Data items
* * *

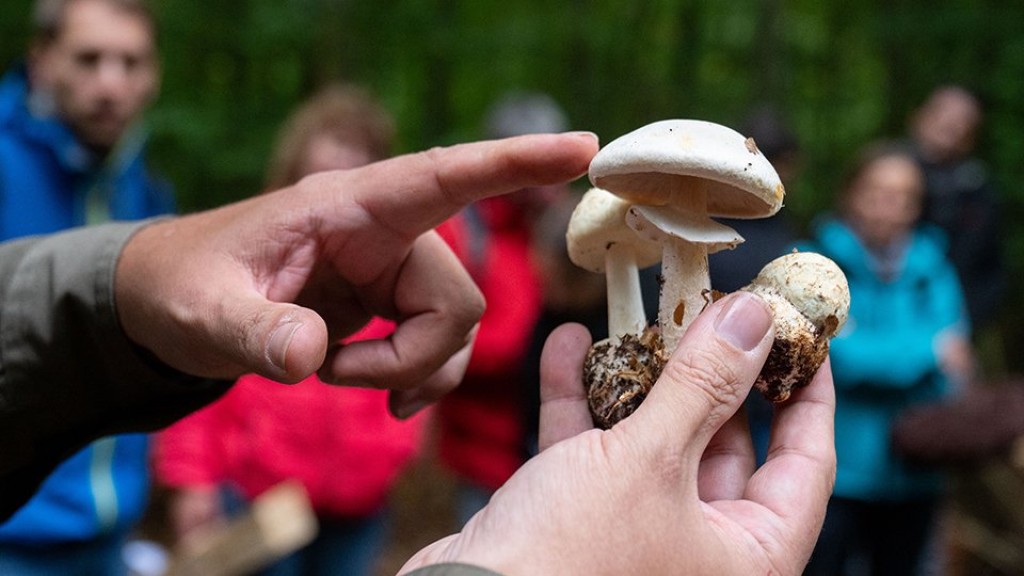 Грибной бум в Карагандинской области: как не стать жертвой охоты за дарами природы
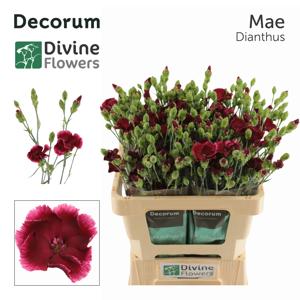 20x Dian.tr.solomio mae 60cm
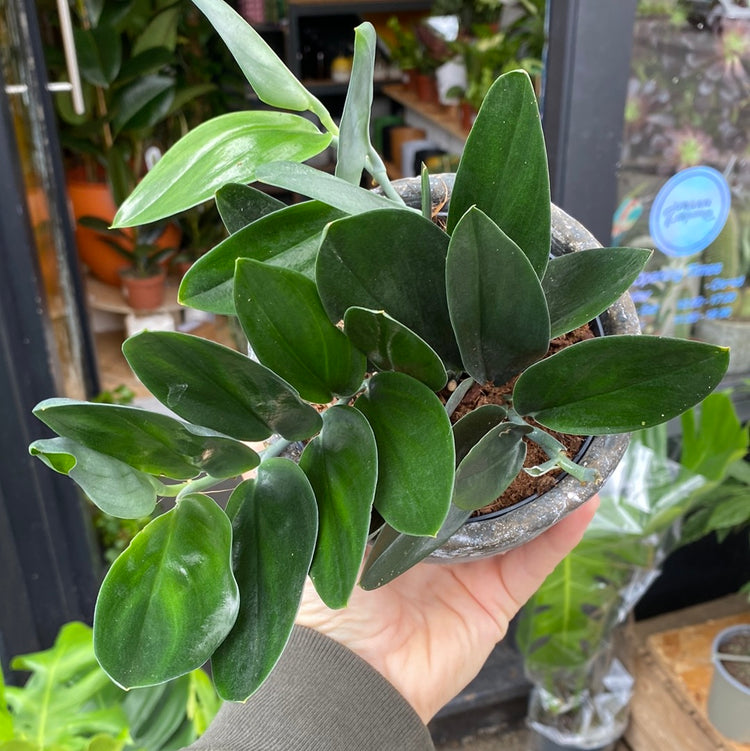 A Scindapsus ‘Treubii’ Dark Form also known as a Satin Pothos in front of Urban Tropicana&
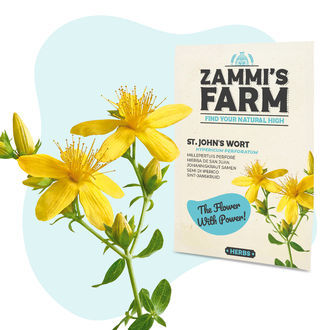 Pack Semillas de Bienestar - Zammi's Farm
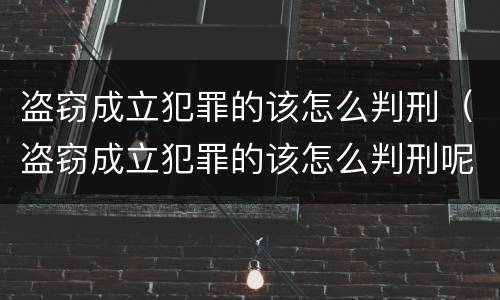 盗窃成立犯罪的该怎么判刑（盗窃成立犯罪的该怎么判刑呢）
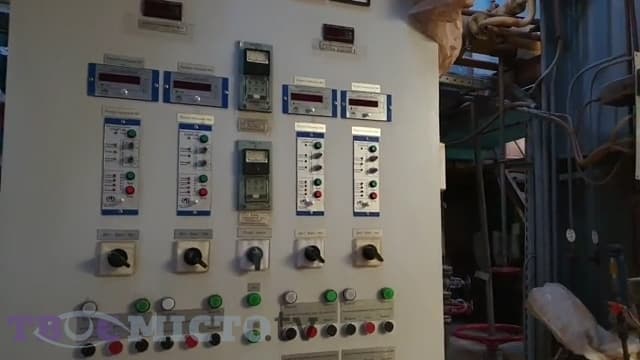 Фото: Дар'я Кучер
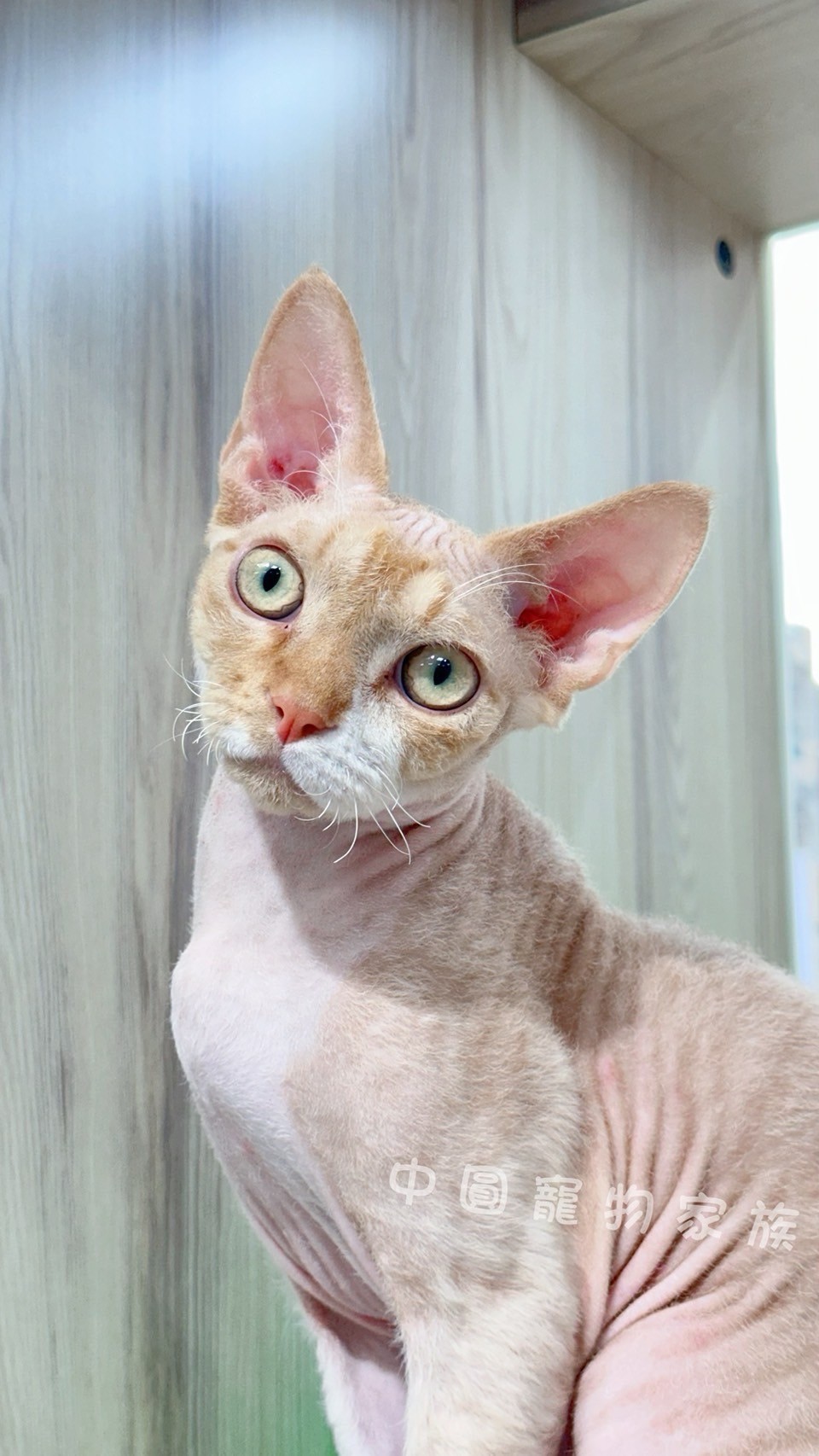 中圓寵物家族／紅白德文捲毛貓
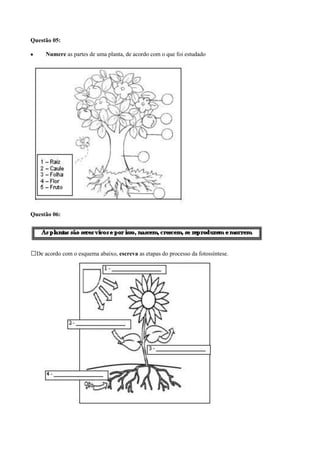 Questão 05:
Numere as partes de uma planta, de acordo com o que foi estudado
Questão 06:
De acordo com o esquema abaixo, escreva as etapas do processo da fotossíntese.
 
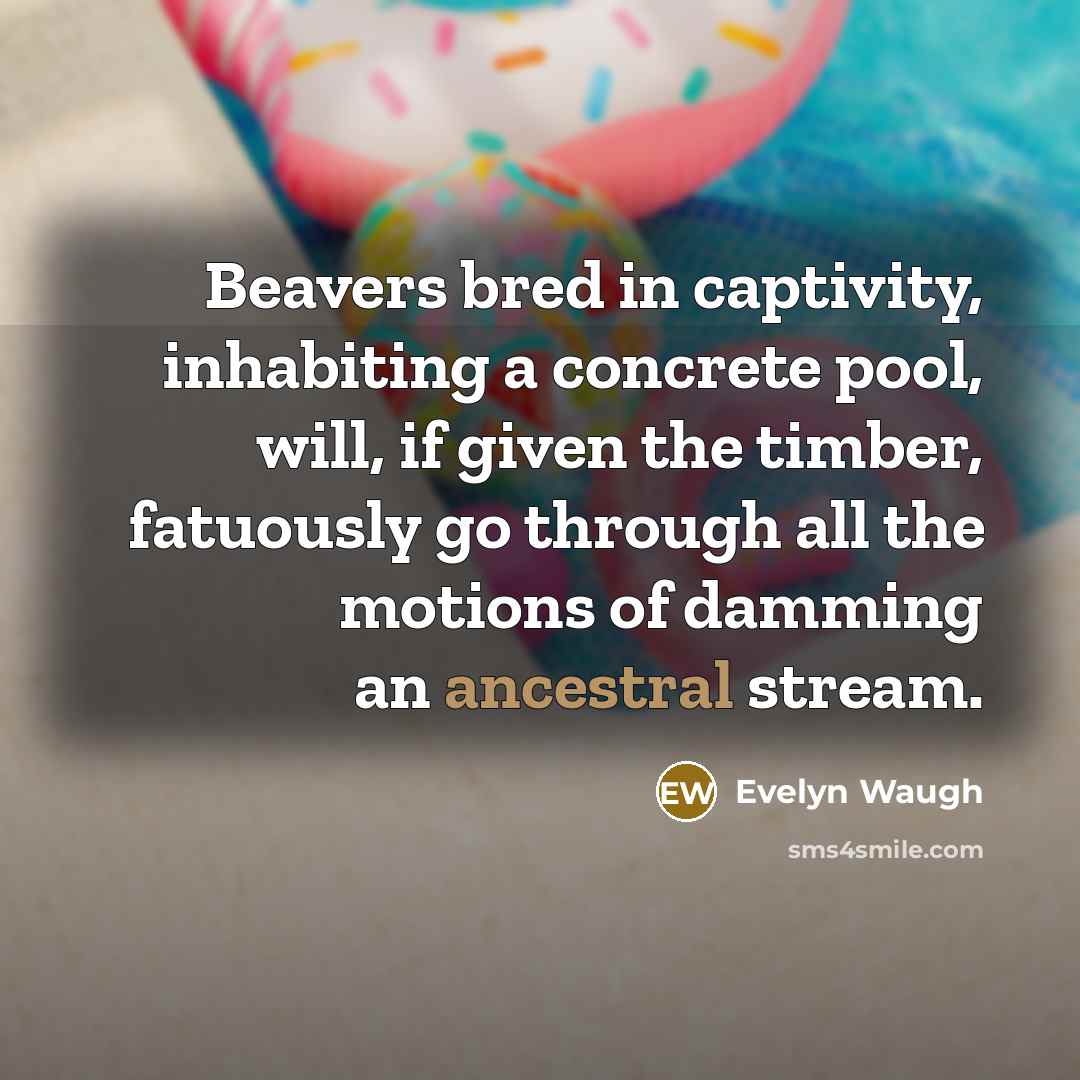 “Beavers bred in captivity, inhabiting a concrete pool, will, if…” quote by Evelyn Waugh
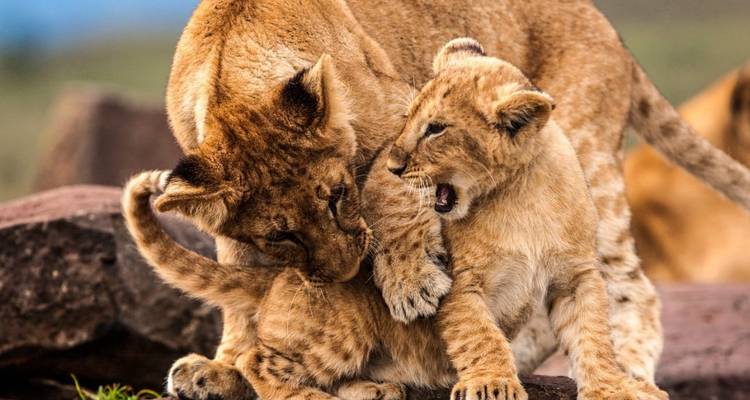 Dos cachorros de león interactuando de manera juguetona.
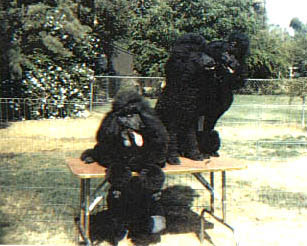 3 Generations of Kingsdown Standard Poodles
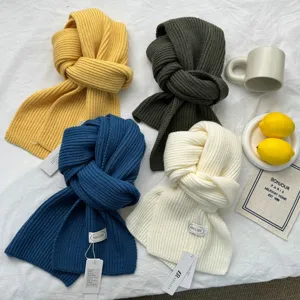 Mise à plat de quatre écharpes d'hiver douillettes aux couleurs vives avec étiquettes et décors.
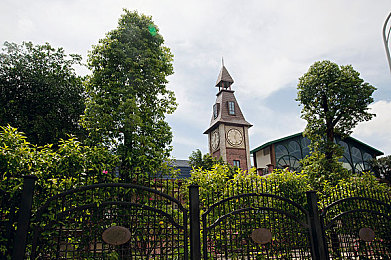 丁香五月五月婷婷：网络热词背后的年轻心态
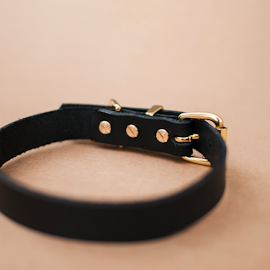 Svenskt Läderhalsband - Svart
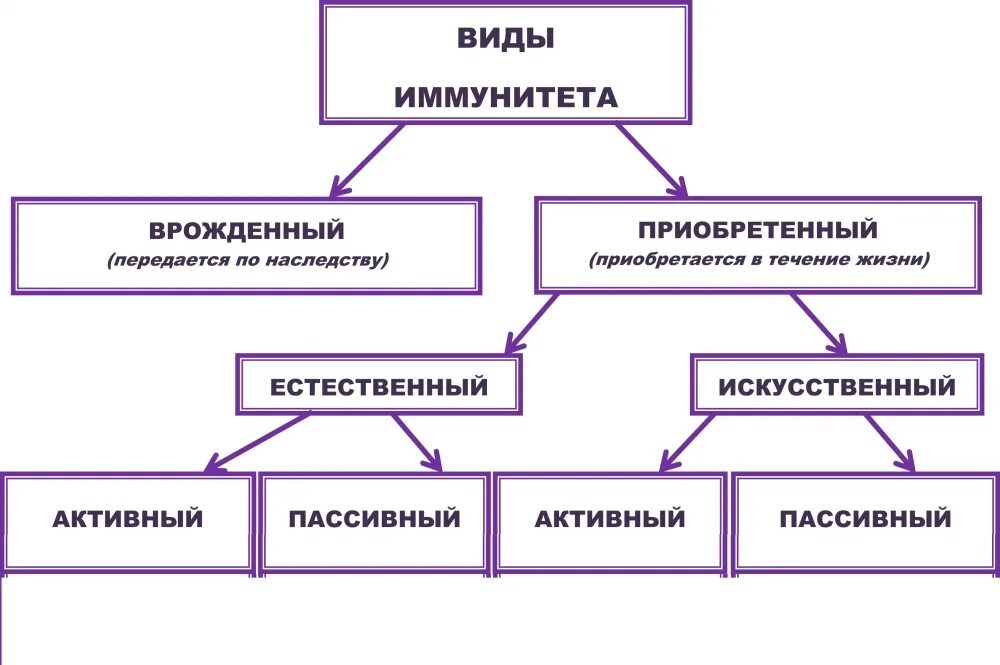 Виды иммунитета схема. Иммунитет врожденный и приобретенный схема. Виды иммунитета схема 8 класс. Классификация видов иммунитета.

* * *

> **TASK TO COMPLETE**: Repeat the records word for word. Any picture in them should be left out.

> **WRITTEN SOLUTION**:
 Грибной бум в Карагандинской области: как не стать жертвой охоты за дарами природы
 20x Dian.tr.solomio mae 60cm
 A Scindapsus ‘Treubii’ Dark Form also known as a Satin Pothos in front of Urban Tropicana&
 Pack Semillas de Bienestar - Zammi's Farm
 盗窃成立犯罪的该怎么判刑（盗窃成立犯罪的该怎么判刑呢）
 Фото: Дар'я Кучер
 中圓寵物家族／紅白德文捲毛貓
 Questão 05:
Numere as partes de uma planta, de acordo com o que foi estudado
Questão 06:
De acordo com o esquema abaixo, escreva as etapas do processo da fotossíntese.
 
 “Beavers bred in captivity, inhabiting a concrete pool, will, if…” quote by Evelyn Waugh
 Dos cachorros de león interactuando de manera juguetona.
 3 Generations of Kingsdown Standard Poodles
 Mise à plat de quatre écharpes d'hiver douillettes aux couleurs vives avec étiquettes et décors.
 丁香五月五月婷婷：网络热词背后的年轻心态
 Svenskt Läderhalsband - Svart
 Виды иммунитета схема. Иммунитет врожденный и приобретенный схема. Виды иммунитета схема 8 класс. Классификация видов иммунитета.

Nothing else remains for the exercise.